# Car won't stay running



## SentraR2308 (Mar 11, 2016)

I bought a 2003 Nissan Sentra R spec V that had been sitting in the same spot for four years, and hasn't been ran since except for recently. Put a jumper box on the battery, and fired the engine. The car dies as soon as you let off the clutch, and if you hit the gas it dies. I noticed that there are two hoses on the fire wall, one is disconnected and the other is completely gone. I can't seem to find where they would go. Any advice on the placement of the hoses? Also, does my no start condition sound like it could be MAF related? I'm leaning towards that, or some kind of vacuum leak.


----------



## SPEEDO (Jun 9, 2003)

can you pull any codes? hoses going to firewall, all I can think of the heater hoses... I have a 02 Spec-V, I can take a look.. big hoses or small?? where on the firewall etc


----------



## jdg (Aug 27, 2009)

And the 4 year old gas doesn't come to mind immediately as being a possible cause? Really?


----------



## SentraR2308 (Mar 11, 2016)

I never said it wasnt? And it's not just going to shut off like that. It would run really shitty, then die. The fact that it doesn't stay running at all, and there's no reaction when the gas is pressed leads me to believe it's not just the gas. Obviously the gas is bad. The fact that you had to point that out in the first place is pretty funny. I mean that should be a given if you knew the first thing about cars. So yeah, really buddy.


----------



## jdg (Aug 27, 2009)

SentraR2308 said:


> I never said it wasnt? And it's not just going to shut off like that. It would run really shitty, then die. The fact that it doesn't stay running at all, and there's no reaction when the gas is pressed leads me to believe it's not just the gas. Obviously the gas is bad. The fact that you had to point that out in the first place is pretty funny. I mean that should be a given if you knew the first thing about cars. So yeah, really buddy.

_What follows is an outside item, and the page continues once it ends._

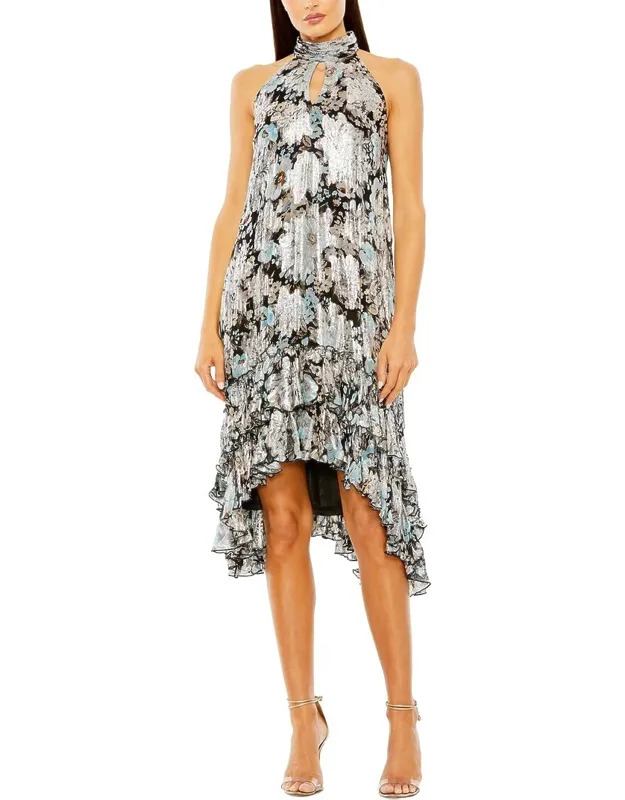 High Neck Keyhole Ruffle Mini Dress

Well, when you get rid of that old gas and everything starts running fine...I'll STILL be laughing AT you...not with you.


----------



## SentraR2308 (Mar 11, 2016)

Well, I can guarantee you that's not what's wrong with it. So laugh it up. It's obviously a contributing factor. But the car had problems when it was parked. So I thank you greatly for your input captain obvious.


----------



## SentraR2308 (Mar 11, 2016)

SPEEDO said:


> can you pull any codes? hoses going to firewall, all I can think of the heater hoses... I have a 02 Spec-V, I can take a look.. big hoses or small?? where on the firewall etc


To answer you, I'll have to let you know once I check.


----------



## rogoman (Dec 16, 2004)

SentraR2308 said:


> I bought a 2003 Nissan Sentra R spec V that had been sitting in the same spot for four years, and hasn't been ran since except for recently. Put a jumper box on the battery, and fired the engine. The car dies as soon as you let off the clutch, and if you hit the gas it dies. I noticed that there are two hoses on the fire wall, one is disconnected and the other is completely gone. I can't seem to find where they would go. Any advice on the placement of the hoses? Also, does my no start condition sound like it could be MAF related? I'm leaning towards that, or some kind of vacuum leak.

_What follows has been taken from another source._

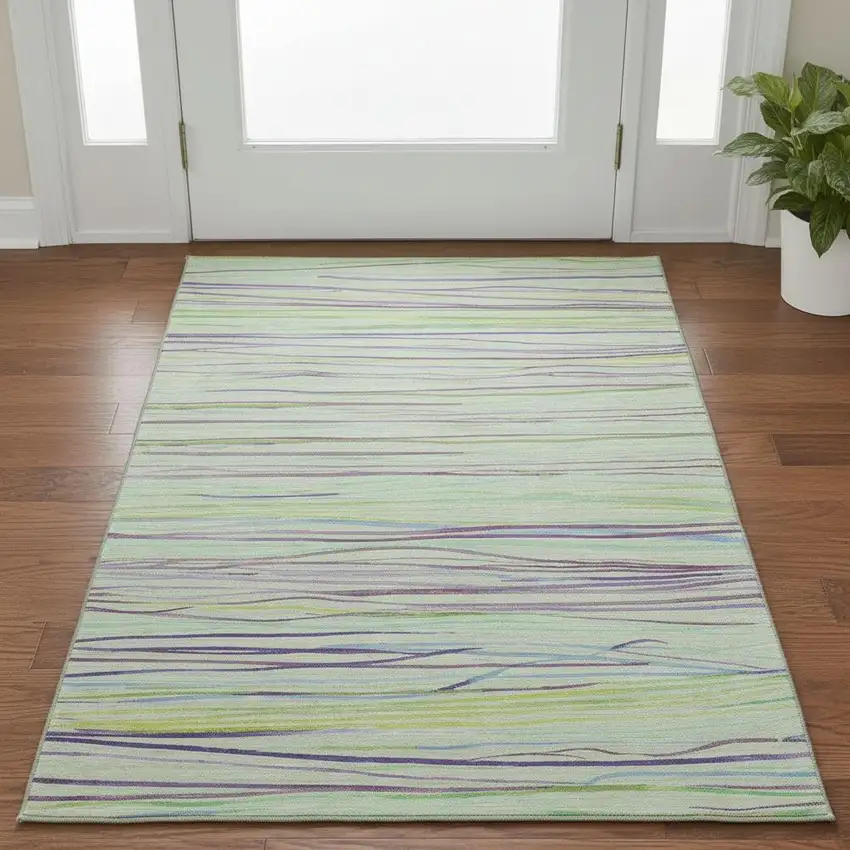 Mint Green Lavender And Lime Green Striped Washable Area Rug With UV Protection Photo 2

For the placement of hoses, supply some pictures. 

When gasoline sits for a long period of time, like in your case of 4 years, varnish develops and primarily affects the fuel injectors. The injectors will most likely have to be power flushed or totally replaced.


----------



## SentraR2308 (Mar 11, 2016)

Yeah that's what I'm leaning towards. I'm going to try a couple of things (including power flush/replacing) and see if it starts. I would supply pictures but I don't know how.


----------



## rogoman (Dec 16, 2004)

SentraR2308 said:


> I would supply pictures but I don't know how.


Subscribe to a photo sharing web site like:

Host UR Images

You can upload your pictures to their web site, then when you post here, enter the URL of your picture from the photo sharing web site.


----------